Killing nice bucks on KS public land is doable, but it aint easy. I'm a resident and hunt public in NE part of the state and i hate hunting the rut. Is it the best time of year to see a big one? Yes. It' also the time when bow hunters are everywhere. It gets worse during rifle. If you're looking for an adventure with the possibility of shooting a big one then a KS DYI hunt is probably for you. If you're looking for a slam dunk hunt, better save $ and find a good outfitter.


----------



## crockett (Apr 6, 2008)

zap said:


> Sorry but that just doesnt sound right to me.
> Kansas deer hunting is hardly ruined.
> Gun season in december and only one buck bag limit.
> The three adjoining states known for deer hunting have 2 bucks bag limit, gun season during the rut, and less expensive OTC tags. Well one state actually has three bucks bag limit.
> ...


what marty said sounds right too me! 
i will let you in on a secret, if you can learn how too hunt kansas you will have a much better time next trip!
forget the "i got to be in the timber mentality"
the crp is where it's @!
there is a lot of it out there public and wiha!
bird hunters can be your best friend (everytime i here bowhunters mad @the birdhunters i laugh) and have put me on more big bucks then most outfitters could!
you need to learn too know what too look for and then you will be a seasoned kansas bowhunters.
i would tell you more but i don't want too start seeing any hunters other then the ones that drive by and think i must be bird hunting!lol


----------



## zap (Mar 13, 2008)

alphawolf said:


> Zap,
> 
> When you look at that Fall River area, that 9000+ acres is very deceiving. If I remember, over 2000+ is water (the lake and river), and a lot of the other acreage is crop land. Now I am not saying that there wasn't a place to hang a stand. However, when you look at all the guys you are trying to cram into a relatively small area, it's tough to get away from guys. And I do think we mistimed our hunt a bit. We hunted the 1st 2 weeks in Nov. I would have preferred the 2 weeks before Thanksgiving. But that is a moot point considering you're cramming all these people into essentially a long strip of woods less than 100 yards wide. Rut or no rut, if you run the does off, the bucks will follow. And again, I'm not saying that a nice buck could not have been shot or wasn't shot while we were there. When I talk to a biologist and he tells me that I may see a "few" guys and that the "pressure is nothing like you see in the east". All I can say is that he's never been to the east. I can go to areas in PA and WV bowhunting and never see another guy all season. There were plently of deer. I was seeking solitude as much as I was seeking a decent buck.





alphawolf said:


> Zap,
> 
> I checked back on the KDWP website and actual huntable ground was about 2,300 acres for Fall River. I'm just saying that the odds weren't with us. Considering we were out of state and had never been to the area, the last thing we needed was to deal with a crowd. Let me ask you this, would you like your odds better where every 100 yards or so you see a tree stand, a guy, or a sign that someone was recently hunting? Or do you think you'd do better in a spot that hasn't been disturbed all season? There were plently of deer in KS. And bigger ones than I'd ever hope to kill in my neck of the woods. There's no doubt that KS holds some tremendous bucks and has some beautiful country. I'm in no way trying to bash your state. I'm just saying that the public land was over run and tags should be limited. I'd rather wait 2 or 3 years for a quality hunt than be guaranteed a tag every year and fight the crowds. I'd be afraid to go back in that area in gun season. I talked to another local guy who told us that he and another local "race" to their parking spot every morning because they both knew a few big bucks were in the area. Who wants to fight that? I bet Lee and Tiffanty, the Drurys and Stan Potts don't have to deal with that. I guess it's all just personal preference and I was under the impression that Kansas was a little more vast that what it actually is, considering the relatively small timbered area and relatively small amount of public ground. Shame on me.

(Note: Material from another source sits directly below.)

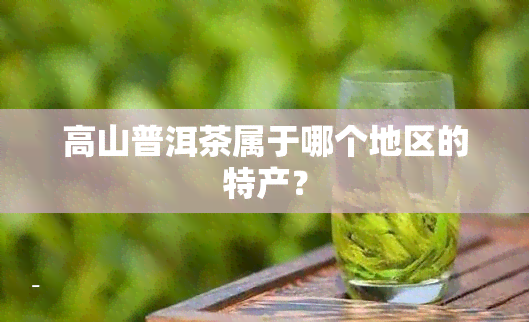 高山普洱茶属于哪个地区的特产？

I have never hunted Fall River, but if it is only a "100 yards wide strip of timber with a treestand every 100 yards". Why not go to another area.
Kansas tags are good for two units, I would think that somewhere in those units there is a good public hunting spot. But if you choose to go home a week early, you are not going to find them.
I know from my own experiance that it is possible.
I am tired of hearing that N/R's are ruining the deer hunting here.

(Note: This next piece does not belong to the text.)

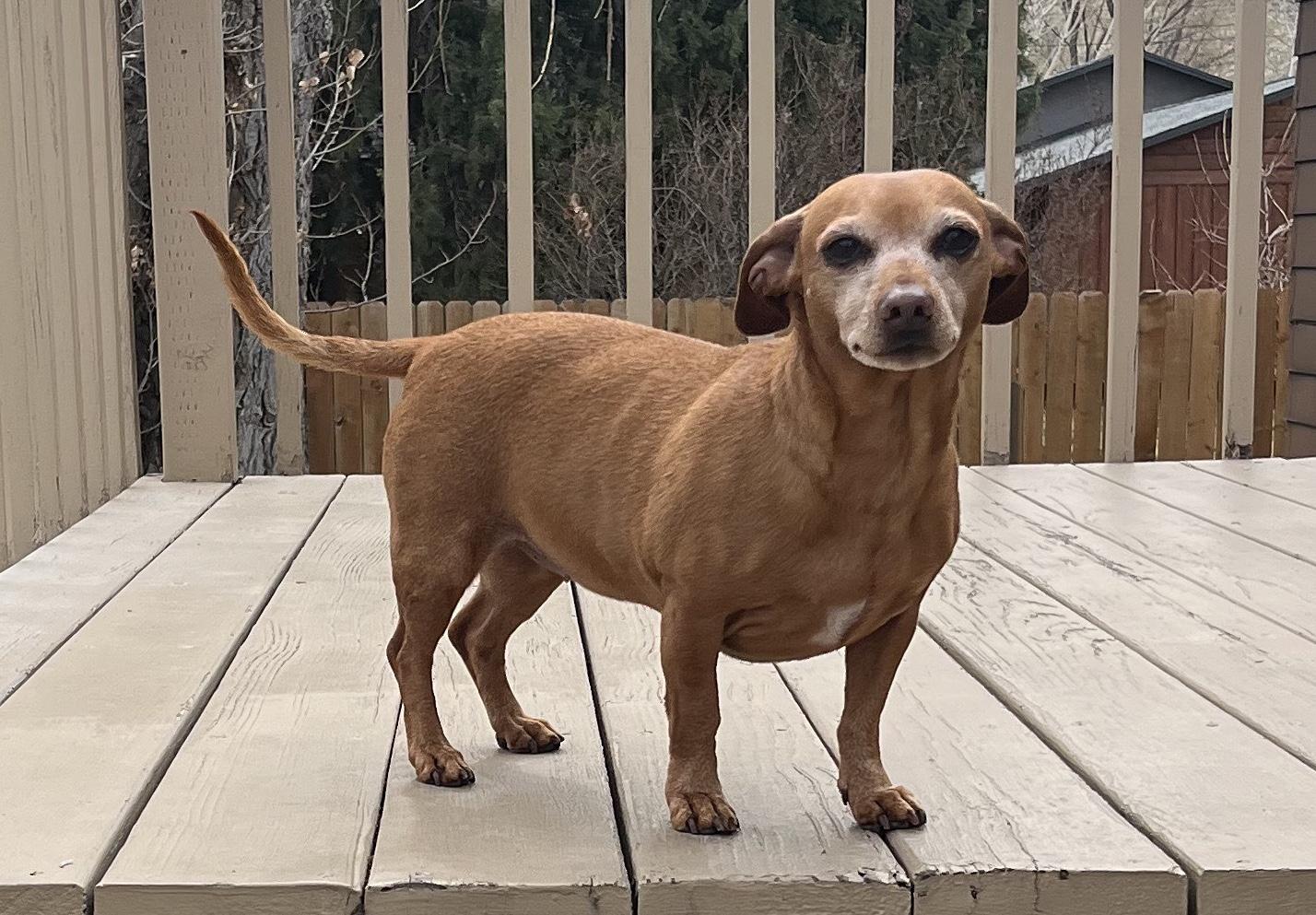 Enlarge Chloe (Bonded Pair: Sparky), a Adoptable Dachshund in Salt Lake City, UT image 2/5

Missouri has a three buck limit and OTC tags.
Nebraska has a two buck limit and OTC tags, same for Oklahoma.
ALL HAVE A RUT GUN SEASON.

KANSAS HAS ONE BUCK AND A MID DECEMBER GUN SEASON.
Hardly ruined.

marty


----------



## zap (Mar 13, 2008)

hntnksn said:


> well said J.
> 
> a little deer poop and a few small rubs don't always equal a 150+ buck.
> 
> i think someone is watching way too many DVD's and reading too many magazines.

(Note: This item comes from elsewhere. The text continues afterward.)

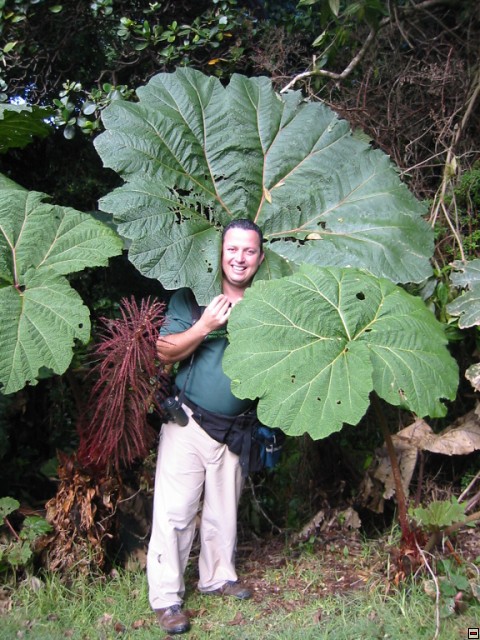 img00028.jpg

This is the second time you have made the remark "that I read too much".
I know nothing about you, but you must know something about me.
What I have seen about you on here is a thread about you hunting turkeys under a feeder. Out of a blind. I would imagine it was on private ground. That was called a great success.
Yet you want to try to belittle me because I enjoy putting time in the public areas so I can learn more about how to hunt whitetail deer in those areas. 
You hunt how you want and I will hunt how I want.
I would appreciate it if you limited your comments about my scouting methods to something constructive, and not worry about what I read or watch. 

marty


----------



## bigracklover (Feb 1, 2008)

crockett said:


> forget the "i got to be in the timber mentality"
> the crp is where it's @!


Oh so true. A buddy of mine was up in Kansas a few years ago talking to a local farmer. He pointed to a good spot and saw my buddy's confused expression as they looked out over a CRP field, the ol' timer said "you may need trees, but the deer don't" :shade: The hunter took his advice and arrowed a mature buck from a ground blind a few days later.


----------



## alphawolf (Apr 25, 2009)

Zap,

I agree with you that there are other hunting methods besides hunting the timber. I definitely went to KS with that in mind. And we are not the type of hunters to give up easily. The only reason we left early was because we had tags for other states and my friend shot a buck in Ohio and I shot one in PA during that week. With vacation time being limited, we went with our best odds. We had tags for Units 12 and 14. We also checked out several other wildlife areas and the WIHAs in both units. When we didn't see anyone else hunting, we didn't find much in the way of deer sign either. Hunting big bucks is not an easy thing for sure, even when you are on prime land. And can it be done on KS public land? Absolutely! I found some dandy buck sign in the Fall River area. But along with it came the pressure. I'm just saying that the areas in general were over pressured and it is an extremely tough task for a non resident who has limited time to do well. If you live there, you would be able to find those little out of the way places. It's the same way around here. I bet if I put you in one of our pressured public areas, you would go home with the same impression I did, because you don't have the advantage of living here and knowing the little soft spots in between pressure.


----------



## keb (Jul 17, 2007)

I hunted public land one hour from KC in Kansas for 9 days, saw no one. Killed a nice buck.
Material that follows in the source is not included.